#### Exercise
An exact repeat is needed of the lines from the one with "Schanksäule, Bierzapfsäule - Tower" through the last line of the data below. Please omit the pictures.

[Records contained in a dataset]
__________
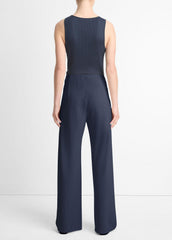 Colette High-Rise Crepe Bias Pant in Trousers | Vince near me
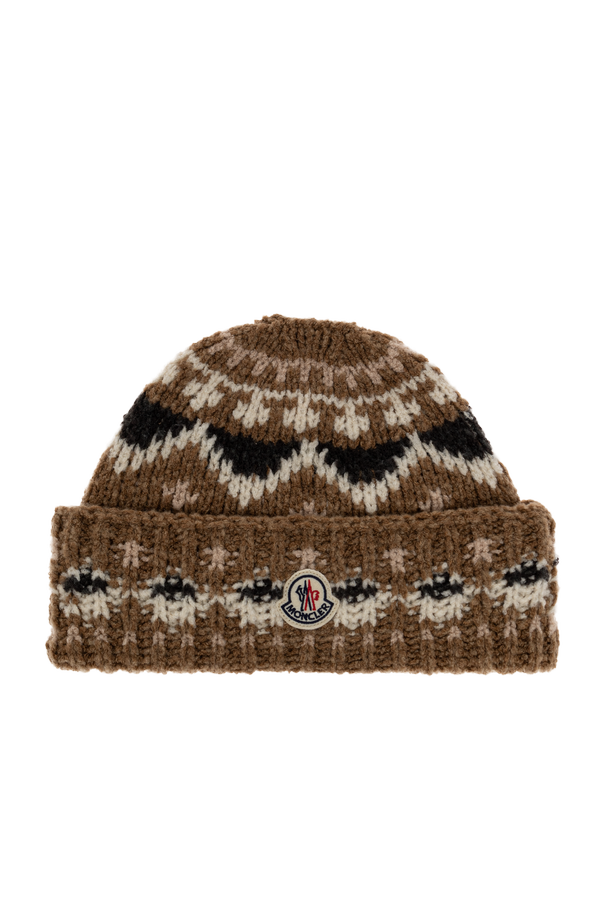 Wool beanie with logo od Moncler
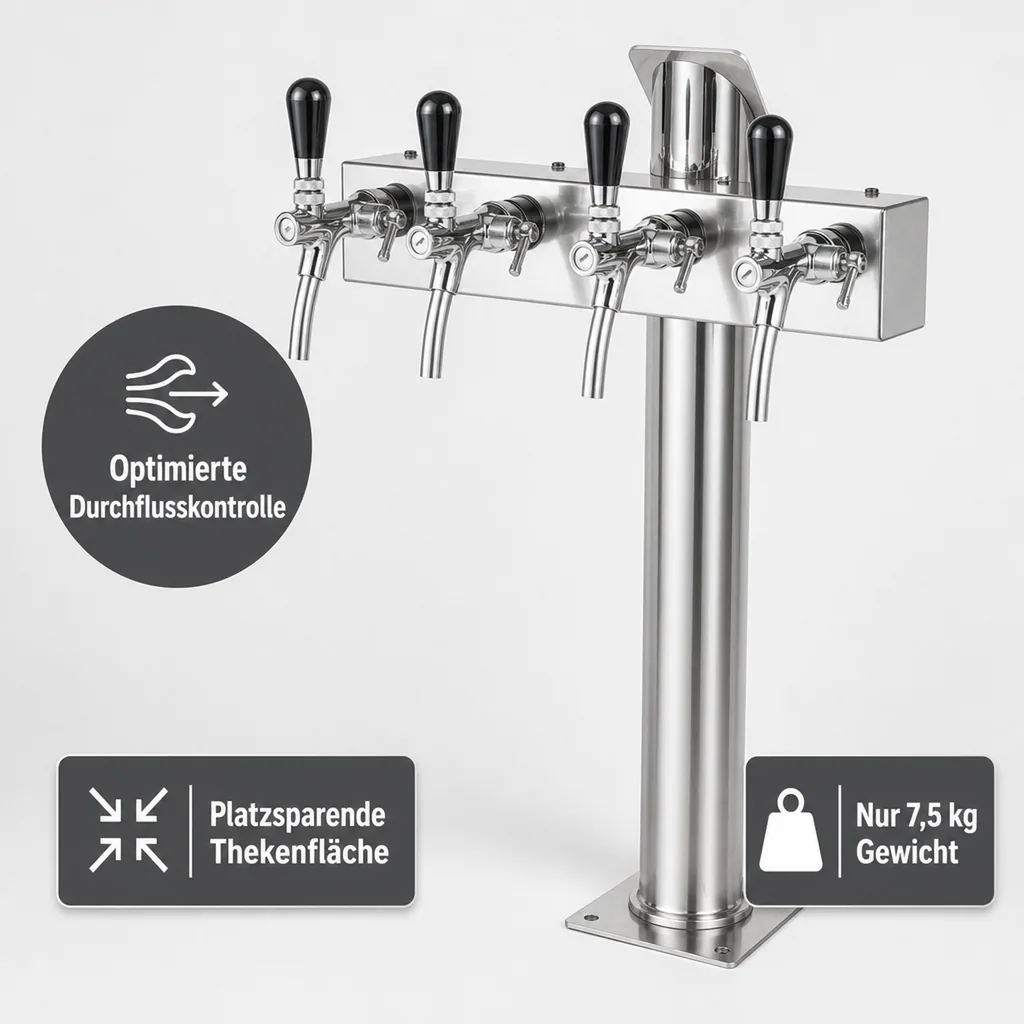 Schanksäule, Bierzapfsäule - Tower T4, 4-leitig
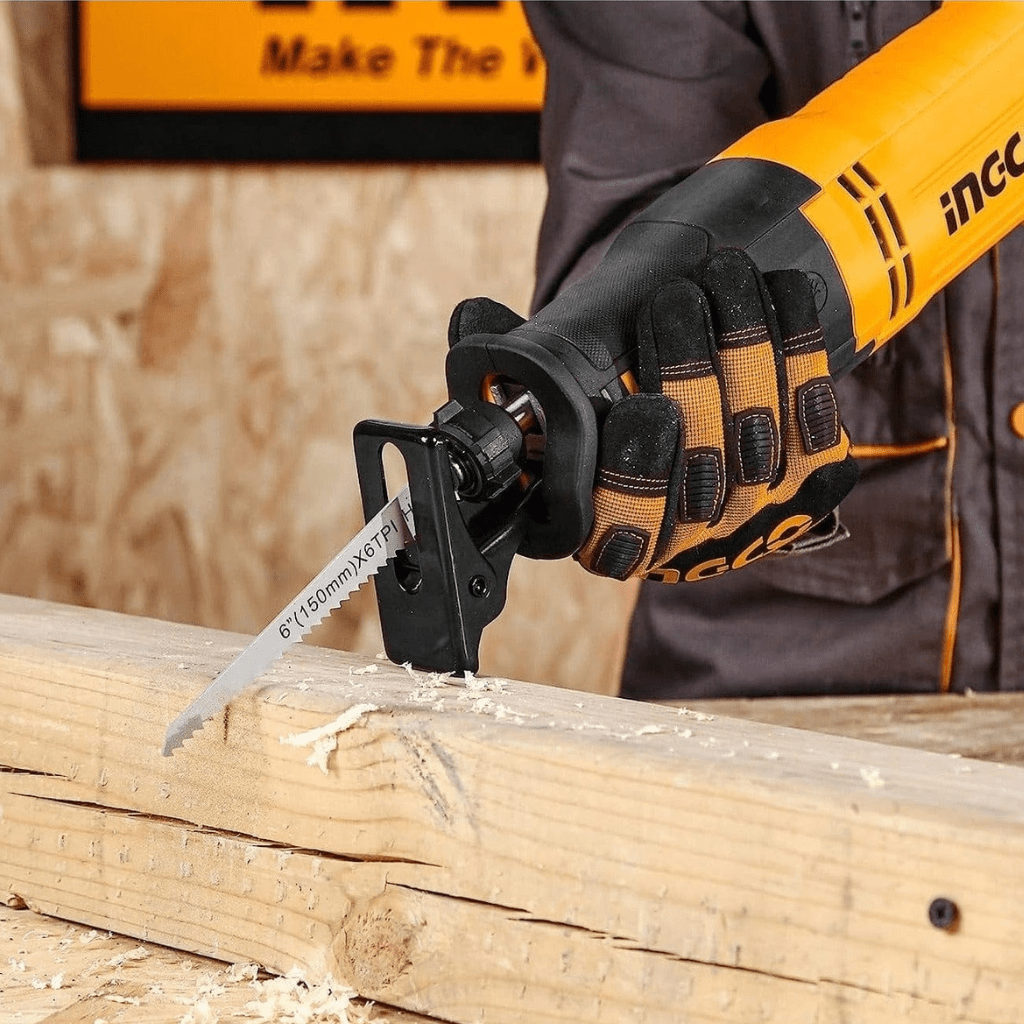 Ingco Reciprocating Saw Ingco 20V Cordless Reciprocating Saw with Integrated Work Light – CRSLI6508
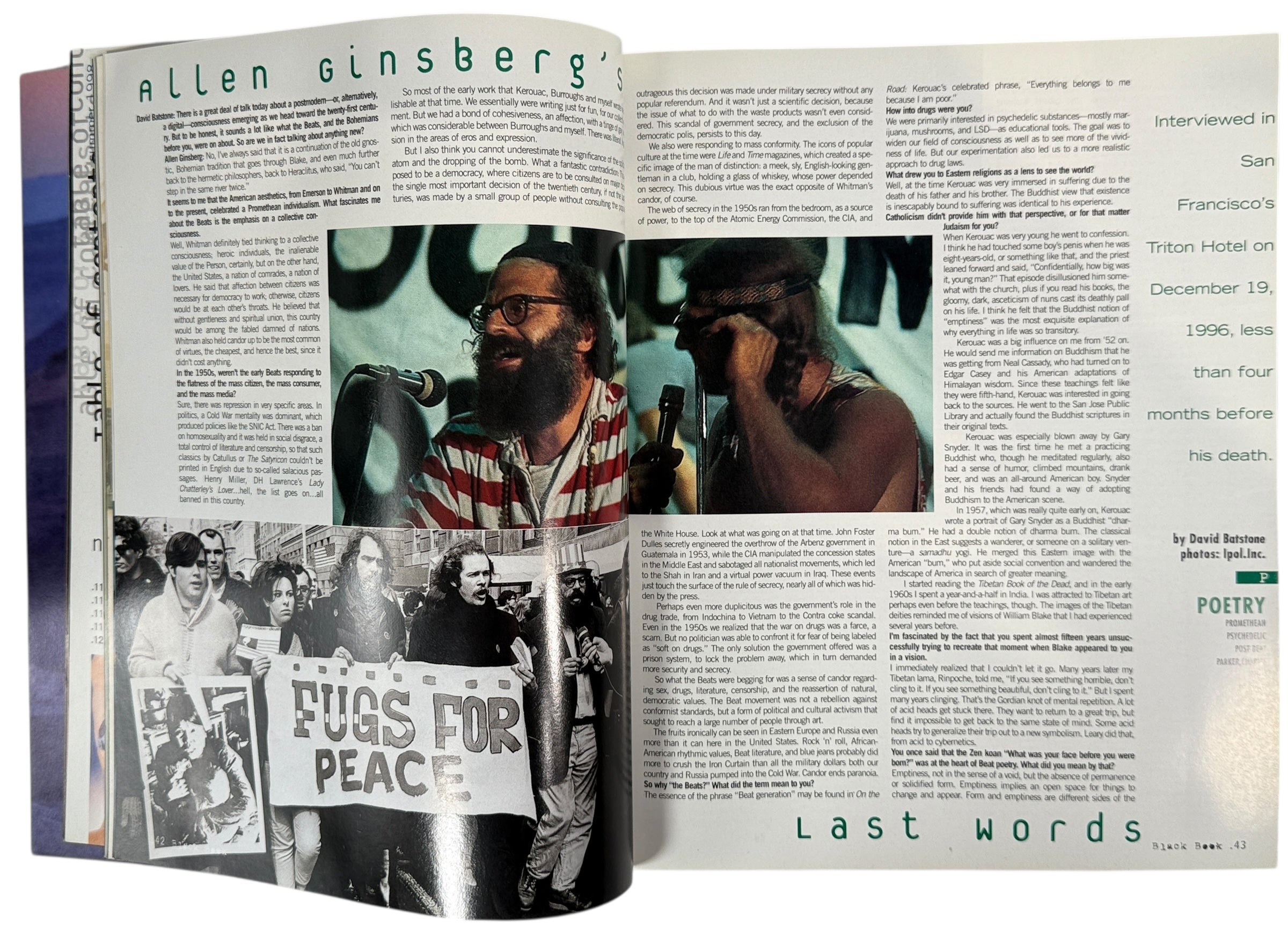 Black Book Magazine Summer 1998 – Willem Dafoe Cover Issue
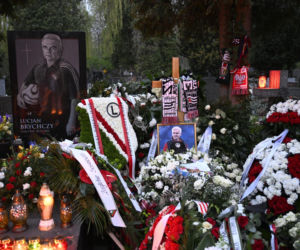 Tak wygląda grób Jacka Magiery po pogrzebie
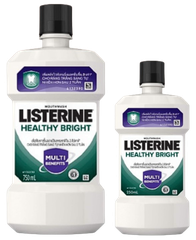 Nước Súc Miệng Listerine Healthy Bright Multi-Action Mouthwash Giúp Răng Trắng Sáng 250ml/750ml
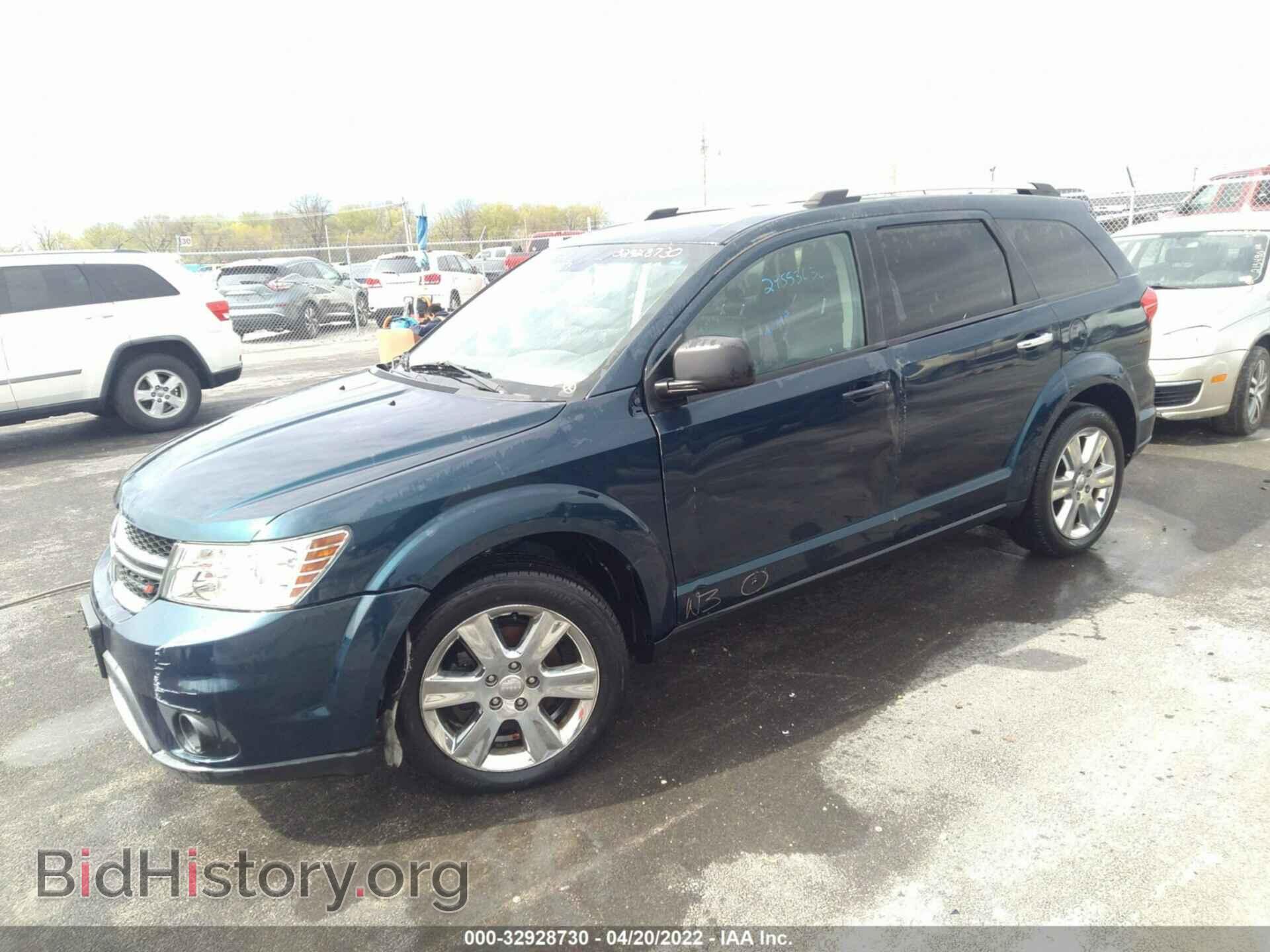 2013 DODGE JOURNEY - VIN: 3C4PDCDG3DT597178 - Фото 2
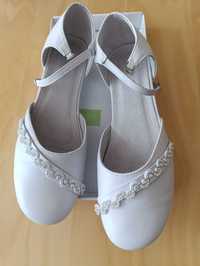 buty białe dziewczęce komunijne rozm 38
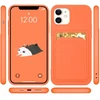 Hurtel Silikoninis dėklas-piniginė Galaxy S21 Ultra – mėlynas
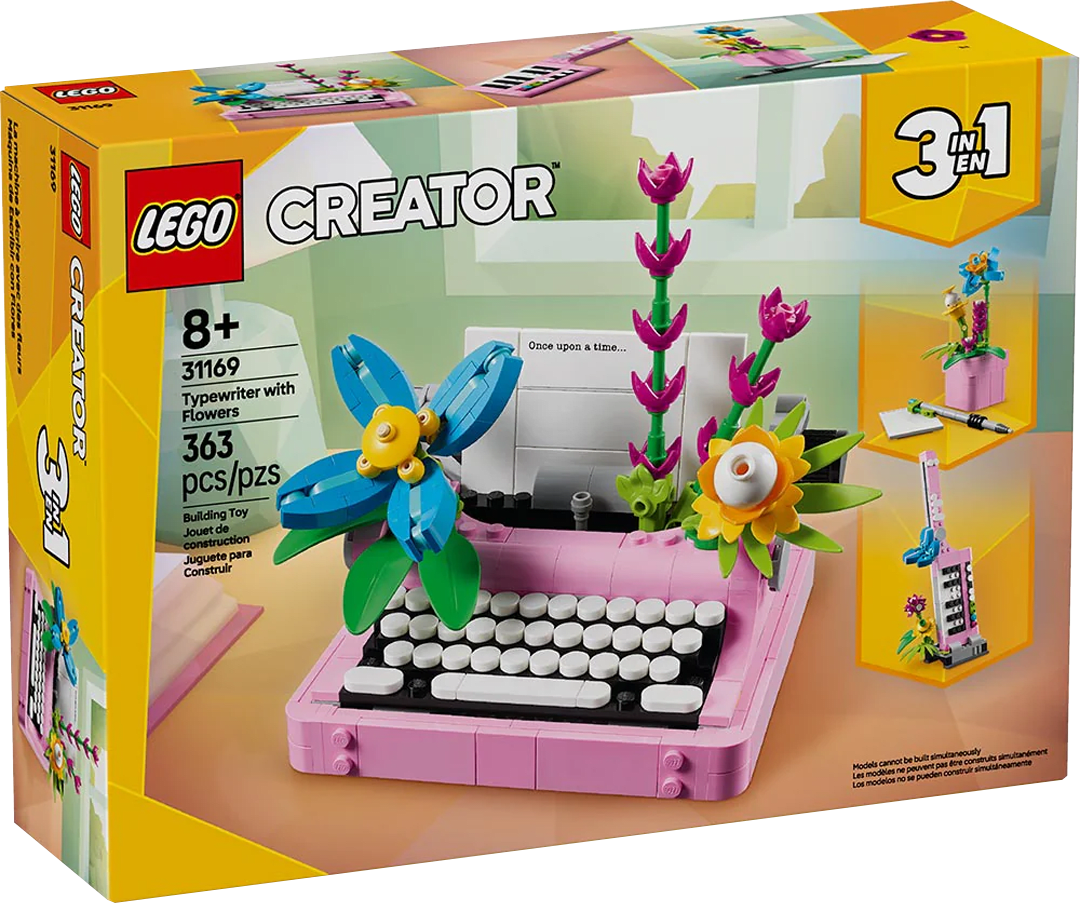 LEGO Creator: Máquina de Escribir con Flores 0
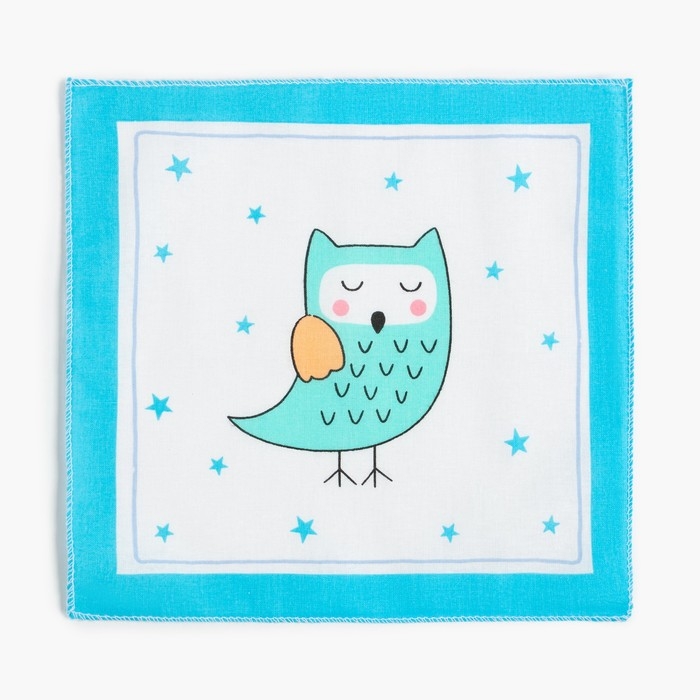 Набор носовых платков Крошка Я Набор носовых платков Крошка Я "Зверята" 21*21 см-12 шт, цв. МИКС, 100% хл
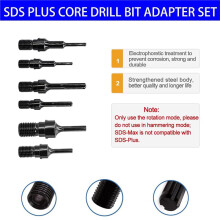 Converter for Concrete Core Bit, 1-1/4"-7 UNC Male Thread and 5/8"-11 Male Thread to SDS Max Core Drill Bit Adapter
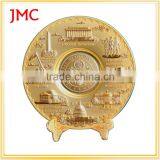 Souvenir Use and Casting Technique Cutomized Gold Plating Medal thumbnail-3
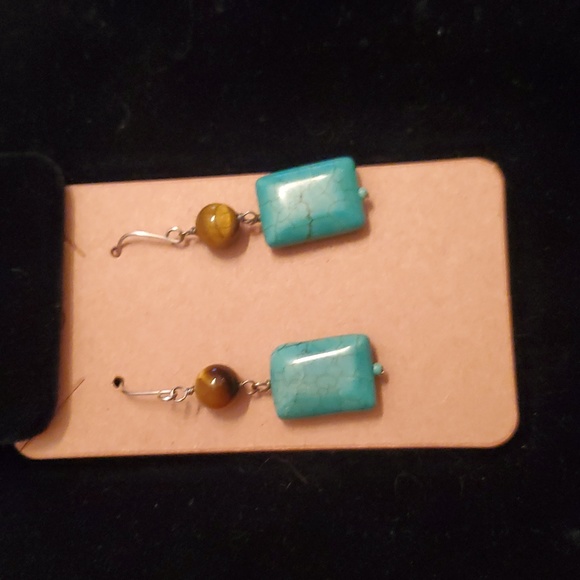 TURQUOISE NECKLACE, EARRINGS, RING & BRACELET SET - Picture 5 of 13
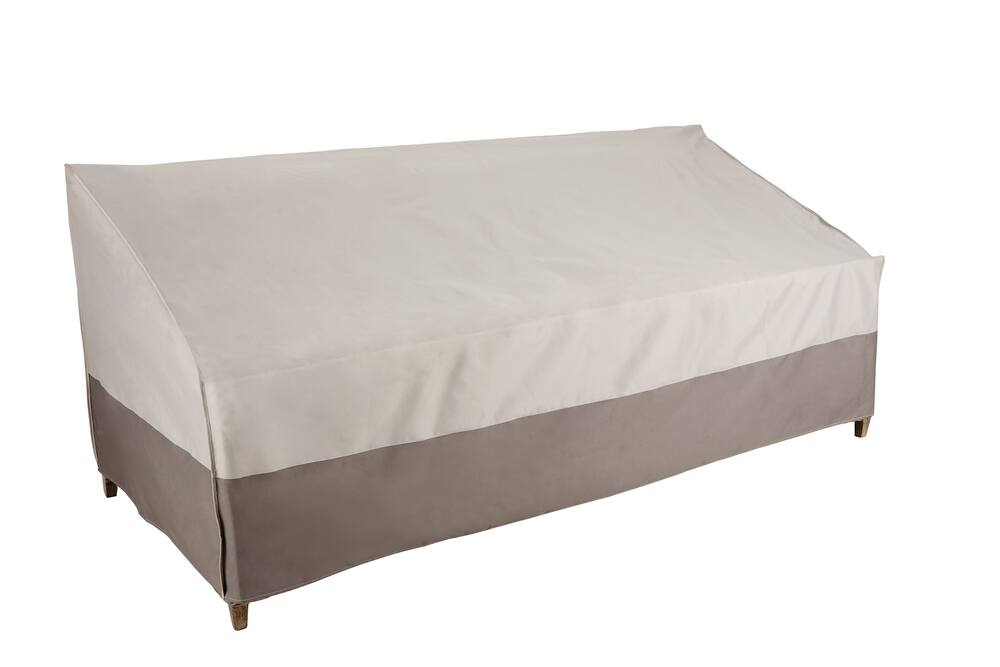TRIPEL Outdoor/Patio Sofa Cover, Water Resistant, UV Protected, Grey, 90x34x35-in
__________
#### Response
 Schanksäule, Bierzapfsäule - Tower T4, 4-leitig
 Ingco Reciprocating Saw Ingco 20V Cordless Reciprocating Saw with Integrated Work Light – CRSLI6508
 Black Book Magazine Summer 1998 – Willem Dafoe Cover Issue
 Tak wygląda grób Jacka Magiery po pogrzebie
 Nước Súc Miệng Listerine Healthy Bright Multi-Action Mouthwash Giúp Răng Trắng Sáng 250ml/750ml
 2013 DODGE JOURNEY - VIN: 3C4PDCDG3DT597178 - Фото 2
 buty białe dziewczęce komunijne rozm 38
 Hurtel Silikoninis dėklas-piniginė Galaxy S21 Ultra – mėlynas
 LEGO Creator: Máquina de Escribir con Flores 0
 Набор носовых платков Крошка Я Набор носовых платков Крошка Я "Зверята" 21*21 см-12 шт, цв. МИКС, 100% хл
 Converter for Concrete Core Bit, 1-1/4"-7 UNC Male Thread and 5/8"-11 Male Thread to SDS Max Core Drill Bit Adapter
 Souvenir Use and Casting Technique Cutomized Gold Plating Medal thumbnail-3
 TURQUOISE NECKLACE, EARRINGS, RING & BRACELET SET - Picture 5 of 13
TRIPEL Outdoor/Patio Sofa Cover, Water Resistant, UV Protected, Grey, 90x34x35-in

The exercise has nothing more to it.